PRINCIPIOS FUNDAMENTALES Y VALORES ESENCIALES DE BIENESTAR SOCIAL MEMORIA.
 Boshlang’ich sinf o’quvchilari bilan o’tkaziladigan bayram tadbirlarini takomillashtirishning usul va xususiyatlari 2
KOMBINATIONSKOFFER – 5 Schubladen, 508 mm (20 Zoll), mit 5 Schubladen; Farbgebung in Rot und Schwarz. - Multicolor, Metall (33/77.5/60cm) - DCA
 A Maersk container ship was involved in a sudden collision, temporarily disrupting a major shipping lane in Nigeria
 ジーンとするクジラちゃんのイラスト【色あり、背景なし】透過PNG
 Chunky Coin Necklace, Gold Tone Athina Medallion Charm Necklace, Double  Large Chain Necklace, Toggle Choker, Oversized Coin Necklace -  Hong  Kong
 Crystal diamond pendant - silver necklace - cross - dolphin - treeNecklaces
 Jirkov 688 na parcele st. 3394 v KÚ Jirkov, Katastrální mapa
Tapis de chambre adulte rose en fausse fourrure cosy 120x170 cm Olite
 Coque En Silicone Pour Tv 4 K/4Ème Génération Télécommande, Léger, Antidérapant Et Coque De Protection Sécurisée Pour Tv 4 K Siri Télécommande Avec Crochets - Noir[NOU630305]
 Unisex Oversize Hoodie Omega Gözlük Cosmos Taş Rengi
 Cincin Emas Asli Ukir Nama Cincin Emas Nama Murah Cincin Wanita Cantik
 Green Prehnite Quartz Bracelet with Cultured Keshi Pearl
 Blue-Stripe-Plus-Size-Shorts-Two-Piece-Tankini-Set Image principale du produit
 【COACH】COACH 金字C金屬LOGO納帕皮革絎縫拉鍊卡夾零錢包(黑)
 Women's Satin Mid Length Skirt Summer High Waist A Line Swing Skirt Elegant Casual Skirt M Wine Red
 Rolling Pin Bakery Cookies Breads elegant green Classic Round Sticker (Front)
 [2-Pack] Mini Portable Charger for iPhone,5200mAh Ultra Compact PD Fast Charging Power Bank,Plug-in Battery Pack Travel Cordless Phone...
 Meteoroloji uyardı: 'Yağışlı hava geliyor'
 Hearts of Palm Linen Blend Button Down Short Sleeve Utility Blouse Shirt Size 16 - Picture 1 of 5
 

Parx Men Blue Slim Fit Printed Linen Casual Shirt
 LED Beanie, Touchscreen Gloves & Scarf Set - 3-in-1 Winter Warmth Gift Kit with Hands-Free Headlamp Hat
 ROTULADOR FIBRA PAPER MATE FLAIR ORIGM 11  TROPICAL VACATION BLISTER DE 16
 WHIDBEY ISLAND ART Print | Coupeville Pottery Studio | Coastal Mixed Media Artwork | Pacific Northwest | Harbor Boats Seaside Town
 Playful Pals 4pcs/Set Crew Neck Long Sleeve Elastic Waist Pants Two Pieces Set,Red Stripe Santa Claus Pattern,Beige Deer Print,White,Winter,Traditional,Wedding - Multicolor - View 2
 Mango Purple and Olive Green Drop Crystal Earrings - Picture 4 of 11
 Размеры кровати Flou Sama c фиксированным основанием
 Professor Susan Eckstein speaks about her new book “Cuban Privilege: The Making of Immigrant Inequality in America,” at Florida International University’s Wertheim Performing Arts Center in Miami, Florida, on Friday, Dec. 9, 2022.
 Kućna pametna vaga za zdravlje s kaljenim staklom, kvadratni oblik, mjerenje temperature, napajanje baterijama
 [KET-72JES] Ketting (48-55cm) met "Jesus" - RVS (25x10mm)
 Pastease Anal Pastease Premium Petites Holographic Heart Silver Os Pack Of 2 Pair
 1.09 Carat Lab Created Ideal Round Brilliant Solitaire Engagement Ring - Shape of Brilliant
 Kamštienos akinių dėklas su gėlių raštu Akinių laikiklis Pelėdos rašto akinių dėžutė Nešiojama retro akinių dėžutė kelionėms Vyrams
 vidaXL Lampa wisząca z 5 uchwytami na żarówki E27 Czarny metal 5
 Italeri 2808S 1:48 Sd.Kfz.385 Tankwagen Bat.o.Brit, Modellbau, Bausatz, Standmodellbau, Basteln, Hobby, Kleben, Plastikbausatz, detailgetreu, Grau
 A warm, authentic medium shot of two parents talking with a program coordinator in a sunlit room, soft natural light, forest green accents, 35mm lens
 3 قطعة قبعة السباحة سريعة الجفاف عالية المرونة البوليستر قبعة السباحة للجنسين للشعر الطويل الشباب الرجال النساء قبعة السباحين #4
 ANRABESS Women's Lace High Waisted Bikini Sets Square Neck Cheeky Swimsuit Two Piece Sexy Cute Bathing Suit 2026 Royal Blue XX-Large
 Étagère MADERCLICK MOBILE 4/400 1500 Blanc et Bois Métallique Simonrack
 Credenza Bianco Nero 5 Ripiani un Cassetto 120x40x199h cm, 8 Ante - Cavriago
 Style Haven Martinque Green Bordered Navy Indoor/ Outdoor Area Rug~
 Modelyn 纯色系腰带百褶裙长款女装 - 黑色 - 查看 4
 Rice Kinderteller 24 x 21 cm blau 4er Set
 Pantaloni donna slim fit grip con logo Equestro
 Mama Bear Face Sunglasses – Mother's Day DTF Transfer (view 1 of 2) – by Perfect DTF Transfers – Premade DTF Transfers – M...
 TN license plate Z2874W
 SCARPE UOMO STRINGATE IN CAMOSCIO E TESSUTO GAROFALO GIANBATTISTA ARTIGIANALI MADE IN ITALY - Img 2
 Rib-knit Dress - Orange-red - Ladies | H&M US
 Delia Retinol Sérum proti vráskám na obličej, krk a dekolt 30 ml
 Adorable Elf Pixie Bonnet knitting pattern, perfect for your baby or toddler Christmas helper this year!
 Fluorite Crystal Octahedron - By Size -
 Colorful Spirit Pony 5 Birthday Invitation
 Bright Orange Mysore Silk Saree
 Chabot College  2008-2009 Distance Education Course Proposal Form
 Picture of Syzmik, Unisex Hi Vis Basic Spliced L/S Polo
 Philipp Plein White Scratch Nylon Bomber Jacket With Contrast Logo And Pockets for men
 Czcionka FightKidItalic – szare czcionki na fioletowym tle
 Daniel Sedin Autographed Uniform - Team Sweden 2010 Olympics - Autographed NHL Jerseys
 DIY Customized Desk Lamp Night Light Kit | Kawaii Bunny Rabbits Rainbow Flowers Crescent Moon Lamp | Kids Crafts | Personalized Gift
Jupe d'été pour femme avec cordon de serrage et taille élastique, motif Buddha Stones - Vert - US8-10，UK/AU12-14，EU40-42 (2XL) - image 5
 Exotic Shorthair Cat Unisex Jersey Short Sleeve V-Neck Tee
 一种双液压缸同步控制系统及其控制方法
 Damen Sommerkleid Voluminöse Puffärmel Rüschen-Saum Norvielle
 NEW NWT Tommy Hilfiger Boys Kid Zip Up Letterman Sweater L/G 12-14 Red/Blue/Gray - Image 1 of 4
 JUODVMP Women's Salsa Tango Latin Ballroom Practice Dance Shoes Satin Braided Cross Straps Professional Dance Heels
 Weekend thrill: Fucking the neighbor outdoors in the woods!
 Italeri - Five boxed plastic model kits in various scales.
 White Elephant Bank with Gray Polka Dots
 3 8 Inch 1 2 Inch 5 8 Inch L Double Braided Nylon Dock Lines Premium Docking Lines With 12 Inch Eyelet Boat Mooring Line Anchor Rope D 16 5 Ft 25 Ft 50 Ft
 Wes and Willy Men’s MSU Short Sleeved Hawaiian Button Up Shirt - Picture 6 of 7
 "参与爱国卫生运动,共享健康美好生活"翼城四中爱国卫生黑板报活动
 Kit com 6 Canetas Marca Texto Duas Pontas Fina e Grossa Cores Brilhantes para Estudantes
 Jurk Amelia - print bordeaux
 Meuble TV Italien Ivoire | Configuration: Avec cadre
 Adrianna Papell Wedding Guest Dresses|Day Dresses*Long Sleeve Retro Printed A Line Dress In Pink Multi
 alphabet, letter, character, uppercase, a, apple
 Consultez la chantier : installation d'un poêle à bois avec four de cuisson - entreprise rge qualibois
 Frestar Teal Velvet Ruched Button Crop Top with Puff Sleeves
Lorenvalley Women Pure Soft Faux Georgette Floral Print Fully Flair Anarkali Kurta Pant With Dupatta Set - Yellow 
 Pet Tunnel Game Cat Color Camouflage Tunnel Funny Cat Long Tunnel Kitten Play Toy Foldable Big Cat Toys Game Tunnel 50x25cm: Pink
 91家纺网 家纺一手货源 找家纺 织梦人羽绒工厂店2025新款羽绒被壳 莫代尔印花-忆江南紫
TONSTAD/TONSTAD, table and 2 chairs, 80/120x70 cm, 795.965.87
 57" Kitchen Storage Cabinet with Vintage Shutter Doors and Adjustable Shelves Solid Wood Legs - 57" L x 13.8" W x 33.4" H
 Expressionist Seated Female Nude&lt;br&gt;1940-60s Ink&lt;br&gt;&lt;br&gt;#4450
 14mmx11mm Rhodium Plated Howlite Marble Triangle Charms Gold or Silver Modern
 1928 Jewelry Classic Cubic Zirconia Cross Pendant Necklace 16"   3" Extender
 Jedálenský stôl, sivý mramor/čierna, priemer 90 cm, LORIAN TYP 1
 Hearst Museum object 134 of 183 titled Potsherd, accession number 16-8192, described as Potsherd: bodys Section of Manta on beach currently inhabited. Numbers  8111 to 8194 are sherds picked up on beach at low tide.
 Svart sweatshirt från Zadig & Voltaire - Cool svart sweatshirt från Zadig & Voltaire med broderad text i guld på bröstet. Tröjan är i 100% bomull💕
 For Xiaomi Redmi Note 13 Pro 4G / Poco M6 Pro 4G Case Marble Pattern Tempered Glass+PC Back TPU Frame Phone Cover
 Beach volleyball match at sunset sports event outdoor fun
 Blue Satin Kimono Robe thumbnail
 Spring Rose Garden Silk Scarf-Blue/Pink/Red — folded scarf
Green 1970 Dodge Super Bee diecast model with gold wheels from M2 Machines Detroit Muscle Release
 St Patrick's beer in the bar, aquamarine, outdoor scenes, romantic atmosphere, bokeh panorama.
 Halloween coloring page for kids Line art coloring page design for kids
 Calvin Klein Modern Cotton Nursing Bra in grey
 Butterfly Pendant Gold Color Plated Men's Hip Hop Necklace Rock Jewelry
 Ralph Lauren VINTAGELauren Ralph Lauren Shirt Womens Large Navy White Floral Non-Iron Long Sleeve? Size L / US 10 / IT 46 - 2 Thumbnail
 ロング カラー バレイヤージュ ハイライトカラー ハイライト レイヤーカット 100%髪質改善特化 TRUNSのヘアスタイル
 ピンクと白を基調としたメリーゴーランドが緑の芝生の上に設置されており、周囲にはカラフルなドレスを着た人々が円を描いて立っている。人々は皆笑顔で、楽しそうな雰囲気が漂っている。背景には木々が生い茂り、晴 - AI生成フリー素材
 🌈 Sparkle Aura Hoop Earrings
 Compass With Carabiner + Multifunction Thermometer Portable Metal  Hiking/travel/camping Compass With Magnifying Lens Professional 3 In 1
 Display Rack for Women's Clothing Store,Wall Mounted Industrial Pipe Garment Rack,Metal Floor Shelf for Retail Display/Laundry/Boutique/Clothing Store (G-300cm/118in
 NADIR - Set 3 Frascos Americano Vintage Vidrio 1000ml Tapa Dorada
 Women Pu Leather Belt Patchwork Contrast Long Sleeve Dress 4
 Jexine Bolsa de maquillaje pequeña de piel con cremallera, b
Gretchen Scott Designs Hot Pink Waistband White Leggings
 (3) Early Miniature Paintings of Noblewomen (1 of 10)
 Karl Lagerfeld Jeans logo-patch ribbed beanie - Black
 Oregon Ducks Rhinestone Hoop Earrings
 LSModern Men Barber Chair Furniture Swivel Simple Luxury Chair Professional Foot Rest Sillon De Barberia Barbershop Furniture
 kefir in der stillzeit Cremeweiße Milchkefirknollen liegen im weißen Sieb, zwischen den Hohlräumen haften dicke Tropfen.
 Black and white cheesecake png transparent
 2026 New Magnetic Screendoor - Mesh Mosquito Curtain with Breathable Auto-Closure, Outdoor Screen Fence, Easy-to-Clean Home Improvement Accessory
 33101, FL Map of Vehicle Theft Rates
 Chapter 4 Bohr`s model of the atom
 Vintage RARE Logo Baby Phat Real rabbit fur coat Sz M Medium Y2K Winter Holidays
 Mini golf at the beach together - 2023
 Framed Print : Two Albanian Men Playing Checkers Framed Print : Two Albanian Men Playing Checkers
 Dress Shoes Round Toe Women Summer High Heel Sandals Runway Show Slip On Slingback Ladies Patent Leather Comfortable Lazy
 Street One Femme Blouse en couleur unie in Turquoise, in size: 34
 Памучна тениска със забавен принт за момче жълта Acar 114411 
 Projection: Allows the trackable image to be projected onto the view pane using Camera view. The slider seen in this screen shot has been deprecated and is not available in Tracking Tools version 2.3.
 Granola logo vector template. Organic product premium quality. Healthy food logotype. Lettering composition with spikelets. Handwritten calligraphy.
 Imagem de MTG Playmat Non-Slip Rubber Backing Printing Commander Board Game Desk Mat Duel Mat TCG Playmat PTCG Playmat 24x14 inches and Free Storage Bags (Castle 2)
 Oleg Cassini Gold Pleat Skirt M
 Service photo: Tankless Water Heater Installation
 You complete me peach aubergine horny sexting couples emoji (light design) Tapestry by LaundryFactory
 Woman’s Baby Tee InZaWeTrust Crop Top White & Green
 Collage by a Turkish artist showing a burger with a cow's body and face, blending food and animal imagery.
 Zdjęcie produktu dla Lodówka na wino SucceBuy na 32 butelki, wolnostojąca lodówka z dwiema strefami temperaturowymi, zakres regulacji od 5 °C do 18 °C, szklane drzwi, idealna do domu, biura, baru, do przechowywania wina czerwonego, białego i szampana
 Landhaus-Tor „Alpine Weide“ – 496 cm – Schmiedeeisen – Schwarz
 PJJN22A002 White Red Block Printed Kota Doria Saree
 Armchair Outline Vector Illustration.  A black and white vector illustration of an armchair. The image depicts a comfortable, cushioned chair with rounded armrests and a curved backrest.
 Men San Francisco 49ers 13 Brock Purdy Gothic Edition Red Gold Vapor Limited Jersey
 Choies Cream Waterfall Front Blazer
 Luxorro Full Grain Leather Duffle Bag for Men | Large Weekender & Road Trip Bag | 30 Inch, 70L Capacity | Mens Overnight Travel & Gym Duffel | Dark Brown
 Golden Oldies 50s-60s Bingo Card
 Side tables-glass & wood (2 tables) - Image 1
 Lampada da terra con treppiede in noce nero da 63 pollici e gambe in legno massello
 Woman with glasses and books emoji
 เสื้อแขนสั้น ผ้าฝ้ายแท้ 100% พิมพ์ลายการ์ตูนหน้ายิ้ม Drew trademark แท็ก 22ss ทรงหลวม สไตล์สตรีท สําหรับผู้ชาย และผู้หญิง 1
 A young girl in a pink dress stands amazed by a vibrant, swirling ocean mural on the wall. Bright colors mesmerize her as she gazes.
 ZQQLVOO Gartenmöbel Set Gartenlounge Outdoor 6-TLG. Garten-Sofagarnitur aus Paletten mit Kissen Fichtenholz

Problem description →
Take the listing above and repeat exactly the lines from the one containing "Modelyn 纯色系腰带百褶裙长款女装 - 黑色 - 查看 4" through the one containing "Delia Retinol Sérum", both included.

Response →
 Modelyn 纯色系腰带百褶裙长款女装 - 黑色 - 查看 4
 Rice Kinderteller 24 x 21 cm blau 4er Set
 Pantaloni donna slim fit grip con logo Equestro
 Mama Bear Face Sunglasses – Mother's Day DTF Transfer (view 1 of 2) – by Perfect DTF Transfers – Premade DTF Transfers – M...
 TN license plate Z2874W
 SCARPE UOMO STRINGATE IN CAMOSCIO E TESSUTO GAROFALO GIANBATTISTA ARTIGIANALI MADE IN ITALY - Img 2
 Rib-knit Dress - Orange-red - Ladies | H&M US
 Delia Retinol Sérum proti vráskám na obličej, krk a dekolt 30 ml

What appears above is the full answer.